Exercise brief:
Go to the line containing "Men's Quick-Dry Mesh" in the listing below. Output that line and each later one exactly.

Task inputs:
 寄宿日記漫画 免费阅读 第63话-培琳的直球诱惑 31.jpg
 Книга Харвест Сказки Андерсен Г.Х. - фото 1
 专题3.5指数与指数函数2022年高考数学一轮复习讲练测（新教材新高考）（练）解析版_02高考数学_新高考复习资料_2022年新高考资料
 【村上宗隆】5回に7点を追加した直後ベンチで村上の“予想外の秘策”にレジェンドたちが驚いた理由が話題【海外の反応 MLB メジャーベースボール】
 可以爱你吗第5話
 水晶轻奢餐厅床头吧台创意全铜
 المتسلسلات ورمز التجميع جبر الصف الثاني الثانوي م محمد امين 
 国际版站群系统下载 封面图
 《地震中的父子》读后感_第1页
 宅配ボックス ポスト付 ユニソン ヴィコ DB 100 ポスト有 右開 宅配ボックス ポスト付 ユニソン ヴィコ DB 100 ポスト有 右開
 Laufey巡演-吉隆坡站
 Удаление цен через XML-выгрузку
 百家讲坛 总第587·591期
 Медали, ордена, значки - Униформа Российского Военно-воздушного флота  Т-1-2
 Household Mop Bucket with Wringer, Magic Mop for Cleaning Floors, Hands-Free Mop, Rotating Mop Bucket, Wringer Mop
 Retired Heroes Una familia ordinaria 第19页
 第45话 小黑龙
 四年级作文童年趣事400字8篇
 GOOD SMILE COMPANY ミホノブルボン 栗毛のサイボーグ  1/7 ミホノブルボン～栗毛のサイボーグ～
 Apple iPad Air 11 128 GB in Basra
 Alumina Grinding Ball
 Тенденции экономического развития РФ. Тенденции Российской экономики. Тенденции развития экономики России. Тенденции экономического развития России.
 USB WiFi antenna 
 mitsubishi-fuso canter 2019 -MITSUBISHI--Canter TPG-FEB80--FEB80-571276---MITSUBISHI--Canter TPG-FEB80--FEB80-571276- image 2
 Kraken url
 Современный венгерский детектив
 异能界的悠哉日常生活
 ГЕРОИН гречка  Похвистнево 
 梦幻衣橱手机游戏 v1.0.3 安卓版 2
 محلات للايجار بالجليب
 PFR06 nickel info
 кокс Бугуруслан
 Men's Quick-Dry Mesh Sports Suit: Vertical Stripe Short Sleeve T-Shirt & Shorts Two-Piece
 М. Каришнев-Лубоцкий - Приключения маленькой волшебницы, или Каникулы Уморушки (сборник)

Solution for this task:
 Men's Quick-Dry Mesh Sports Suit: Vertical Stripe Short Sleeve T-Shirt & Shorts Two-Piece
 М. Каришнев-Лубоцкий - Приключения маленькой волшебницы, или Каникулы Уморушки (сборник)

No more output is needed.